Cet été, le monde politique a voté plusieurs mesures en vue de créer de l’emploi. Un bon point, selon Philippe Ledent, qui estime cependant que “l’amélioration durable du marché du travail nécessite davantage d’ambition”.

C’était le point principal de l’accord budgétaire de l’été : 28 mesures ont été décidées par le gouvernement fédéral en vue de créer des emplois, avec une attention particulière aux métiers en pénurie. En parcourant ces 28 mesures, il faut avouer que certaines sont cosmétiques (même si elles ne sont pas inutiles). D’autres trouvent une justification économique : une plus forte dégressivité des allocations de chômage peut augmenter l’effort de recherche d’emploi de certains. De même, rendre fiscalement intéressant le fait de financer une formation avec ses indemnités de licenciement peut améliorer l’employabilité des personnes qui perdent leur emploi.Les efforts visant à combler la pénuriede main-d’oeuvre dans certains secteurs sont également les bienvenus. Rappelons en effet que le nombre d’emplois vacants a augmenté de près de 12 % sur un an et dépasse actuellement les 100.000 unités.
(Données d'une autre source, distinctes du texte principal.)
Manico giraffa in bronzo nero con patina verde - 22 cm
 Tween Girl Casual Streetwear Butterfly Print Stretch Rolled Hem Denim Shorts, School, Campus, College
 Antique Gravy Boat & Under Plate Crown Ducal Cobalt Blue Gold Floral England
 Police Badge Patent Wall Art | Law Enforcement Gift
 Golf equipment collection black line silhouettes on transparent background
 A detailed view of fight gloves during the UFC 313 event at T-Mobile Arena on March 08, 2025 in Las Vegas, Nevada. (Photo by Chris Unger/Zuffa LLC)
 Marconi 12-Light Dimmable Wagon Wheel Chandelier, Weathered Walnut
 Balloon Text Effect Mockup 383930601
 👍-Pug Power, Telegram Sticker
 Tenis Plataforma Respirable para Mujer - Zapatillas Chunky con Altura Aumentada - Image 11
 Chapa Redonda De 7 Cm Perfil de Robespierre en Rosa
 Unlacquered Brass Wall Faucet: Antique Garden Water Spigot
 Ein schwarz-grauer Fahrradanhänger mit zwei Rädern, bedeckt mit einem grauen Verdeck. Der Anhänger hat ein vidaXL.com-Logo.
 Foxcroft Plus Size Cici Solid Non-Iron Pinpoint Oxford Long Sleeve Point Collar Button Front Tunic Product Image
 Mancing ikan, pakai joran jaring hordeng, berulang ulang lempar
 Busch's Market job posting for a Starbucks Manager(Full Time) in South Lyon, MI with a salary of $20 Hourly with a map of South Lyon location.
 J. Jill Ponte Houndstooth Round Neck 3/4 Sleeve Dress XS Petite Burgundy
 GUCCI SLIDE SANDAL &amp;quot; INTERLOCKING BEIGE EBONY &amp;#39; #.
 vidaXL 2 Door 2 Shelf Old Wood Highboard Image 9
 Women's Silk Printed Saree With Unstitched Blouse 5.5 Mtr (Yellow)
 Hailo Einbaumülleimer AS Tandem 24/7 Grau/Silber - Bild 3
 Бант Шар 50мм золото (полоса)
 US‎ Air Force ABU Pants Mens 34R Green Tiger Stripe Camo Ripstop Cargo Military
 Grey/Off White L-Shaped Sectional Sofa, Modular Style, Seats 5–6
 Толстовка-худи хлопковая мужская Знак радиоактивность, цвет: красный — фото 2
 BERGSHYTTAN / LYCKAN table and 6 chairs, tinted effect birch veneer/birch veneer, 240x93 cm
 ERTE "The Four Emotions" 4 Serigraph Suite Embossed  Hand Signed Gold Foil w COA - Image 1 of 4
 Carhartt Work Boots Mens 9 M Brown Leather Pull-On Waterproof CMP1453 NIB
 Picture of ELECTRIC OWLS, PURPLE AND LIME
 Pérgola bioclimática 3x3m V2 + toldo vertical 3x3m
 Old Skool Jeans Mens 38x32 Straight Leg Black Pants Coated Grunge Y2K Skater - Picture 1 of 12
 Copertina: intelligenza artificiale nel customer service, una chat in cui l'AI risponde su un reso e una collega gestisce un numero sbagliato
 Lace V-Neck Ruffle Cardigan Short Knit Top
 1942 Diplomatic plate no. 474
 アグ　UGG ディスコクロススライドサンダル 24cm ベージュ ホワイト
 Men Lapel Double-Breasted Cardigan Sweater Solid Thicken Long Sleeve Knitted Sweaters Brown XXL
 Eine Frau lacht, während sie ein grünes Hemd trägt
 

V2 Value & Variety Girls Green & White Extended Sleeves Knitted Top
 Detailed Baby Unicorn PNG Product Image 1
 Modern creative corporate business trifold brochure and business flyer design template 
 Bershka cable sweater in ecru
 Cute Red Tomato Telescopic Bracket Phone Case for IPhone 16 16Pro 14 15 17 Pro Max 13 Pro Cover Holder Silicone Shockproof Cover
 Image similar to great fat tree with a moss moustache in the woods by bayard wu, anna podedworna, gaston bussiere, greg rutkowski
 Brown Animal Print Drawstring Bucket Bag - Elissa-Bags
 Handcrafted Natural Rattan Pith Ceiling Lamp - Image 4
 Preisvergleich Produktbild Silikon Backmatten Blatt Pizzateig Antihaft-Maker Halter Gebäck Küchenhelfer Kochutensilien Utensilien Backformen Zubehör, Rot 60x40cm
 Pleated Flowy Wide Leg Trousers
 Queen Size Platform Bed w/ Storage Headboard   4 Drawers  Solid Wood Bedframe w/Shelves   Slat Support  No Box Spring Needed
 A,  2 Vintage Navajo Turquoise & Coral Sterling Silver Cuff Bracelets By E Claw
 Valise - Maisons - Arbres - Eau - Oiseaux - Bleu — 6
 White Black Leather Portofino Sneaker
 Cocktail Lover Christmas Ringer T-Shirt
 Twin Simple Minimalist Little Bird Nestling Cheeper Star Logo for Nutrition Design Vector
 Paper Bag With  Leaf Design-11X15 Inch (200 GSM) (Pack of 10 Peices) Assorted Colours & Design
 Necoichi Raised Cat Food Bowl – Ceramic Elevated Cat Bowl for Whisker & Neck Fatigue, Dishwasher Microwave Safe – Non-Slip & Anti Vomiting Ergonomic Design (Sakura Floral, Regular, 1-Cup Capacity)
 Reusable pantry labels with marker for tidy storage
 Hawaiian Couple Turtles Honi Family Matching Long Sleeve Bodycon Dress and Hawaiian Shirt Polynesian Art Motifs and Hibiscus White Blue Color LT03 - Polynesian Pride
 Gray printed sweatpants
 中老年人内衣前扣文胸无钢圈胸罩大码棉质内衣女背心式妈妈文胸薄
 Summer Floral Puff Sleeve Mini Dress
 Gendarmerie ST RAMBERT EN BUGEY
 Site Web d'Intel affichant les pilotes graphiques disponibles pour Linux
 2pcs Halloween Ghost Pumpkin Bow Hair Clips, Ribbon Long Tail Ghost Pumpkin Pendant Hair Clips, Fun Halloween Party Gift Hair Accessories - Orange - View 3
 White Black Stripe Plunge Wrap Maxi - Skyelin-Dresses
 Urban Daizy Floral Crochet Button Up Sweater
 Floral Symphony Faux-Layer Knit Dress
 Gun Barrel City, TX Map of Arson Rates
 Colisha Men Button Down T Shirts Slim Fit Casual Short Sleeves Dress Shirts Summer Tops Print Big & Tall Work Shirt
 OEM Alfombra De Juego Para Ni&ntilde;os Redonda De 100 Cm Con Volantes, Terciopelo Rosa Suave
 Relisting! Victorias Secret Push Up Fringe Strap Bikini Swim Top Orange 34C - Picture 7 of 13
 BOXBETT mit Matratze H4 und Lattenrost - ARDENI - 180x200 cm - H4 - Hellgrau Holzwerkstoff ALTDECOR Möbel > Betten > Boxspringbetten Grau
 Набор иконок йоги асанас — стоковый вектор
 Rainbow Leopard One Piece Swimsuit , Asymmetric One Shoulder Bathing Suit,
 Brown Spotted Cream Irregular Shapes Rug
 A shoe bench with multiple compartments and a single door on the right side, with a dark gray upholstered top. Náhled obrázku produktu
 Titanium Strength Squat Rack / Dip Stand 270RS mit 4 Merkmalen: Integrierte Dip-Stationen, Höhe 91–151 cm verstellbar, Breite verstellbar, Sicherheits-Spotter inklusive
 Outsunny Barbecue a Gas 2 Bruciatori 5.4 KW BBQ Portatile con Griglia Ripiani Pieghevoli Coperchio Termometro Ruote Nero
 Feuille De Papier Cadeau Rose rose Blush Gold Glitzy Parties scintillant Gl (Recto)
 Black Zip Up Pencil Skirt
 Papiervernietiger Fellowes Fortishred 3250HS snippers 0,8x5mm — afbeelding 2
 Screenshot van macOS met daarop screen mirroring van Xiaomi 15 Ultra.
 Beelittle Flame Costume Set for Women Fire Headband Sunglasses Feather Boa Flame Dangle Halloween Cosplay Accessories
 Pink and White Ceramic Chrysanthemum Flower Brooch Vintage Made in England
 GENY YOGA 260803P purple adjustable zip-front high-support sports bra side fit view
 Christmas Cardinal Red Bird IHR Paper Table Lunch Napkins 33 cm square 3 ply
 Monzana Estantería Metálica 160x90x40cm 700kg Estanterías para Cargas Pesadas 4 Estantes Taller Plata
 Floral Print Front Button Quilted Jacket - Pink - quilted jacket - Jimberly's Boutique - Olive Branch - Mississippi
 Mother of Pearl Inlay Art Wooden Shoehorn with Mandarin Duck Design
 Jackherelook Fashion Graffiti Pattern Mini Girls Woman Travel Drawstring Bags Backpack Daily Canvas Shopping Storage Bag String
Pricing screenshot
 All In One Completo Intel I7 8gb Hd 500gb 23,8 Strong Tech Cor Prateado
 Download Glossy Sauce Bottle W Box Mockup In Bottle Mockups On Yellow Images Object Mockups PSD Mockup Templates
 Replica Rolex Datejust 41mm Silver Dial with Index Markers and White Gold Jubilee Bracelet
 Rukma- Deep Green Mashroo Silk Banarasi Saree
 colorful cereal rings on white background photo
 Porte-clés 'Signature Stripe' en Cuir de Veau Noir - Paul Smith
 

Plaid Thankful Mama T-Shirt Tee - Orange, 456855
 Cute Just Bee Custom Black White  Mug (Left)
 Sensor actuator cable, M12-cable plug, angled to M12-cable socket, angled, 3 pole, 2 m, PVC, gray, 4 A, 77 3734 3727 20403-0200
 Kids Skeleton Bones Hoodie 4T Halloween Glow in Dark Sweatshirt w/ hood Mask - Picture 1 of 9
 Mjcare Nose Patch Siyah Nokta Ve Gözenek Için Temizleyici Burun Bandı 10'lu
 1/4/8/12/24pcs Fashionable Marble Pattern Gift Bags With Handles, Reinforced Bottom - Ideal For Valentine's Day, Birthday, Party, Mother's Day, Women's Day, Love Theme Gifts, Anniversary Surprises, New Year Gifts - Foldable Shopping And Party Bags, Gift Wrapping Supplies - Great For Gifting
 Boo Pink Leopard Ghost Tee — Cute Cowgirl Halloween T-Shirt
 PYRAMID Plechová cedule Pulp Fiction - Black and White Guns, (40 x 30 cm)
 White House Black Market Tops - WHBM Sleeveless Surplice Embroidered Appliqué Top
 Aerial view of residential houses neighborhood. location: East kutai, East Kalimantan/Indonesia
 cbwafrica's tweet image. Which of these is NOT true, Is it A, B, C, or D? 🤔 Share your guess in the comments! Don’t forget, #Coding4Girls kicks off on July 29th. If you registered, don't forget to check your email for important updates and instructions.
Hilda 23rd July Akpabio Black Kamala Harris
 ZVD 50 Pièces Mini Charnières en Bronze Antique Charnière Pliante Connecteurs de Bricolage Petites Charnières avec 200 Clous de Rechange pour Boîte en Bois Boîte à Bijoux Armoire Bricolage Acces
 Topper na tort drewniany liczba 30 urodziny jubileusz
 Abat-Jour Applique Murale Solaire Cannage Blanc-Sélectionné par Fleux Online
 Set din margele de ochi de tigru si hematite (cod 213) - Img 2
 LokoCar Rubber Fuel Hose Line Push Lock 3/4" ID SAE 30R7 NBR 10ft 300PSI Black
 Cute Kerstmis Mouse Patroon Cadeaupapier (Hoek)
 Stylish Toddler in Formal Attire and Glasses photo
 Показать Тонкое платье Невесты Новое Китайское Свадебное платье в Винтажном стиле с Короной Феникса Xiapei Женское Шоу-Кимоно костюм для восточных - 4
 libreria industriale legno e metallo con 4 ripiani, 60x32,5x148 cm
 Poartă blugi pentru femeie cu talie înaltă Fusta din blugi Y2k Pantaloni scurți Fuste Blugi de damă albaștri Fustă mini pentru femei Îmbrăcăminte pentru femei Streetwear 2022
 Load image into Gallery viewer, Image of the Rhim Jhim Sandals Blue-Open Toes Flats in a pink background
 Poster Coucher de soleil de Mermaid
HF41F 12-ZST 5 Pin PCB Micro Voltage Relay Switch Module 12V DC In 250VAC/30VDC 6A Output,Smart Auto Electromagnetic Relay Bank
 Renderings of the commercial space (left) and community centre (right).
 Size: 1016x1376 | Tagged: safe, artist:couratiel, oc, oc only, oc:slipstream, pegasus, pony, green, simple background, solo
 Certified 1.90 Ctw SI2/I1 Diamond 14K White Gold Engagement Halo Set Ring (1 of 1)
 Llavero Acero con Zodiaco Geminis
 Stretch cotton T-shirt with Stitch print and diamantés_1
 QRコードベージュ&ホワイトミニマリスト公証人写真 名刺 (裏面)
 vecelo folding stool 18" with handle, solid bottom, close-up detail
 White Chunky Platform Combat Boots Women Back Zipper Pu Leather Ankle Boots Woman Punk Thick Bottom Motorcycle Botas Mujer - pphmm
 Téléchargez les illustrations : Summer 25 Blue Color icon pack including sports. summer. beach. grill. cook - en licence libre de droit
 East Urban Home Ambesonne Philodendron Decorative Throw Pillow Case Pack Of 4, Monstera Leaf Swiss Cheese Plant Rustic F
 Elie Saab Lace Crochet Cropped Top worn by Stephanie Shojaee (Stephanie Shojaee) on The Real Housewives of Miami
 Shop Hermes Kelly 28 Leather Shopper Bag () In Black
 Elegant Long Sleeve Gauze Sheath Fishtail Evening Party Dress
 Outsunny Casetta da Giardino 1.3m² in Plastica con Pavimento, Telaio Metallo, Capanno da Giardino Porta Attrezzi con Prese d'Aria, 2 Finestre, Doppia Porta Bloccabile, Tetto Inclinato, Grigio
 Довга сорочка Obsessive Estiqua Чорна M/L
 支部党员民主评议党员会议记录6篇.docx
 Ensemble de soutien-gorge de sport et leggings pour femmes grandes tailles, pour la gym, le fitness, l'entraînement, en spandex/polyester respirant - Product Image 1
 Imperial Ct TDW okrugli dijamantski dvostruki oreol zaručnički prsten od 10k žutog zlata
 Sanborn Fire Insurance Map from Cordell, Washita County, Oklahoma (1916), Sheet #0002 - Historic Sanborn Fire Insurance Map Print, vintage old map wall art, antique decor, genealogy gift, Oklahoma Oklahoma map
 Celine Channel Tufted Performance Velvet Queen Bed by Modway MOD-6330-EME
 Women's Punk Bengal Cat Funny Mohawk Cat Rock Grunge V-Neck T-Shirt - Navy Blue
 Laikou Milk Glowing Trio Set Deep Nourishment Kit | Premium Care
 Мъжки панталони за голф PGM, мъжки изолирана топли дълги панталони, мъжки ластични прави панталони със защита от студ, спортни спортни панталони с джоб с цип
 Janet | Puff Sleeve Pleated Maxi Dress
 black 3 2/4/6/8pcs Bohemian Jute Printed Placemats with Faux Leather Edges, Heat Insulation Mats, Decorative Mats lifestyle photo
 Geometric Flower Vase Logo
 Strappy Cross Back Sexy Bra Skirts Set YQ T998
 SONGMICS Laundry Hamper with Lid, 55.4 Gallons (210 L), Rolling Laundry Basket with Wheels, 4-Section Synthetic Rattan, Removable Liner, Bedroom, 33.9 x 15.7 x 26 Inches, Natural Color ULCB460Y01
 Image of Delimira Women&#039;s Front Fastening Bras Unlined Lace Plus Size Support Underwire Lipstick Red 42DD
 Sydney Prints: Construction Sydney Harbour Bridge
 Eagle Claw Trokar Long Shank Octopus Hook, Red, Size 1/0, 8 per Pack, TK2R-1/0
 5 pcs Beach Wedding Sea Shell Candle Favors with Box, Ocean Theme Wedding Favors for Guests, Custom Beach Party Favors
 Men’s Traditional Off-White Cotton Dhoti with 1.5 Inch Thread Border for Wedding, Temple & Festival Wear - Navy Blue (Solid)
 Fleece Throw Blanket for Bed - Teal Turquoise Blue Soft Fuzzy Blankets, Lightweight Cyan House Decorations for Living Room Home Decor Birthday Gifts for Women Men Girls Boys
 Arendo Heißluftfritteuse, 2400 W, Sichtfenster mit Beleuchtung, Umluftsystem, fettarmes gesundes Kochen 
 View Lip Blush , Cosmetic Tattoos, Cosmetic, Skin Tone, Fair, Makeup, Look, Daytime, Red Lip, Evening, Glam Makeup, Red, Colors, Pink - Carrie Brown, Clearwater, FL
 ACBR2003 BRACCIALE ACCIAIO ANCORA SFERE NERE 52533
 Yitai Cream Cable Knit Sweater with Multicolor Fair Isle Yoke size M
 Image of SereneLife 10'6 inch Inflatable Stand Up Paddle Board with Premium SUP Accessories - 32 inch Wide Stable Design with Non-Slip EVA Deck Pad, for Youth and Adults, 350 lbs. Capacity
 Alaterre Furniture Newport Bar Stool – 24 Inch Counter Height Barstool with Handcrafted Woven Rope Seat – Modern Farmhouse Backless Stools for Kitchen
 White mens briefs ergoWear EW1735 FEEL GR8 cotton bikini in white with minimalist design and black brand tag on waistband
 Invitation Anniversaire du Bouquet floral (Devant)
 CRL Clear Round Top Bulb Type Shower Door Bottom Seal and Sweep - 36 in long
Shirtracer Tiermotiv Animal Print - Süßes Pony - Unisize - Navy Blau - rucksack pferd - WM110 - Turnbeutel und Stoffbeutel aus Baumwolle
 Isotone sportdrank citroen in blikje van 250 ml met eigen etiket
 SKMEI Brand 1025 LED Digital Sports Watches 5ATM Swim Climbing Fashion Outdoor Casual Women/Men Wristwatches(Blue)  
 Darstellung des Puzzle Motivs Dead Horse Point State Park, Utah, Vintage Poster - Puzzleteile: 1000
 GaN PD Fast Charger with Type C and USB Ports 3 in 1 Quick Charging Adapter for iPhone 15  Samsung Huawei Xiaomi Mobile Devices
Les 28 mesures gouvernementales ont le mérite d’exister. Mais l’amélioration durable du marché du travail nécessite davantage d’ambition.

Grâce à ces mesures, le gouvernement fédéral espère créer 12.500 emplois supplémentaires dès 2019, permettant une économie de pas moins de 500 millions d’euros. C’est probablement une estimation très optimiste. Mais au-delà de la question des effets à court terme, et même si ce sont des pas dans la bonne direction, ces mesures me laissent sur ma faim : améliorer durablement le marché du travail belge mérite des mesures plus ambitieuses, centrées sur deux thèmes.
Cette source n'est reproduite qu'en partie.